AN inexperienced Wits sailor was one of the crew onboard a yacht that won one of the toughest ocean races in southern Africa last month.
The gruelling Vasco da Gama is an established sailing event and was “a baptism of fire” for Patrick Chappel, who took part in his first ocean race with a crew of seven other members.
Chappel was one of five young, inexperienced sailors on the Skitzo, a South African built and manned yacht that won the race.
Chappel joked about Skitzo being appropriately named, because of the way it “seemed to respond” to the changing weather conditions during the race.
The crew experienced early trouble when the spinnaker halides (the rope used to attach the sail to the mast) came unstuck, causing the yacht to lose ground to its rival competitor, the BMA.
Appointed to climb the mast in winds of roughly 55km/h to untie the spinnaker halides, Chappel said: “It was a harrowing but awesome experience in 30 knots of wind and the mast shaking like a tree in a storm.”
The crew experienced more issues throughout the night as the winds reached up to 50 knots with swells of up to 20 feet and currents reaching 5 knots.

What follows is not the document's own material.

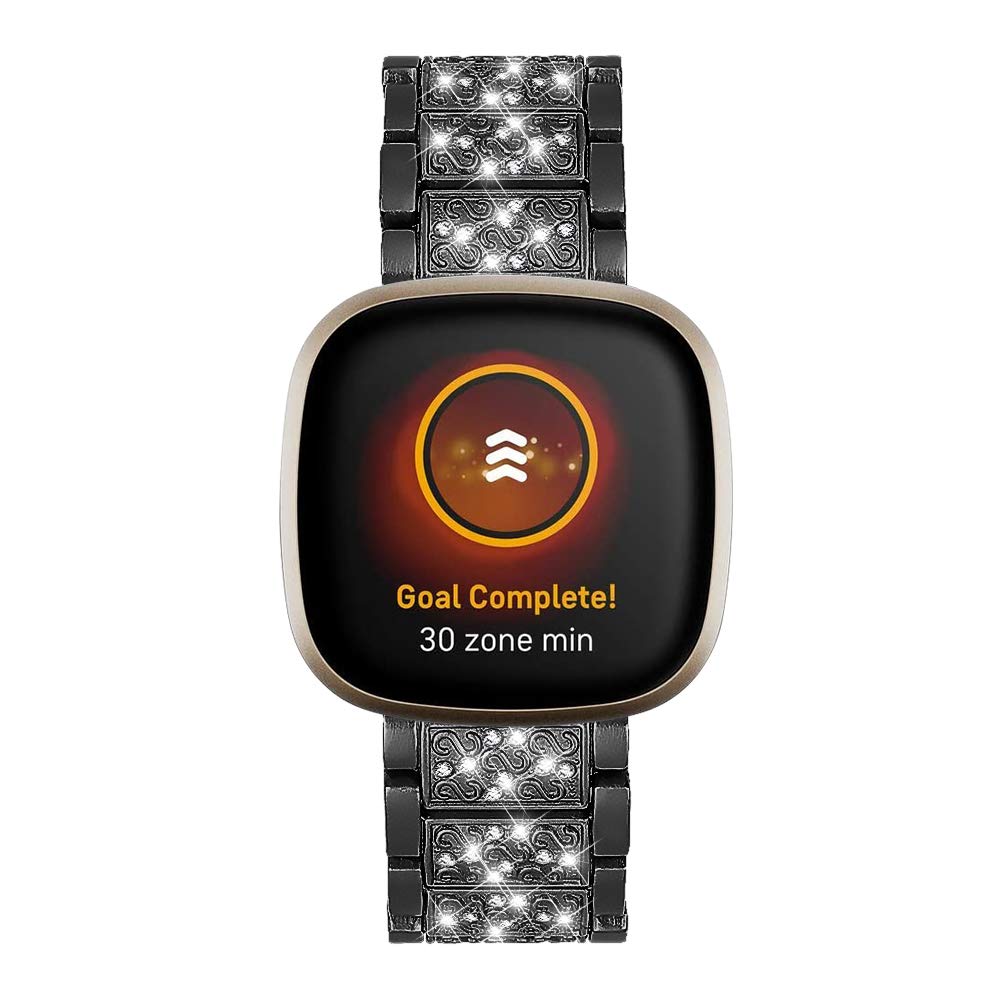 TenCloud Wristband Accessories Compatible with Fitbit Versa 4/Versa 3/Sense/Sense 2 Versa 4 Bands Women Men Bling Metal Stainless Steel Watch Band for Sense 2 Smartwatch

According to Chappel, what made the winds even more intense was the winds were just short of being classified hurricanes at 60 knots.
Chappel said having the Skitzo broach (fall on its side) several times throughout the night was a “nerve wrecking” experience.
The crew experienced other difficulties that meant they missed out on a record winning time by just an hour but still managed to claim handicap and line honours.
Chappel said he learned a lot from this experience. “If you are going to do this extremely dangerous stuff, you cannot take enough precautions in terms of safety and expecting the unexpected.”
Another lesson he learned was that one needs to be able to deal with one’s own fears and emotions while not doing something to jeopardise another crew member’s life.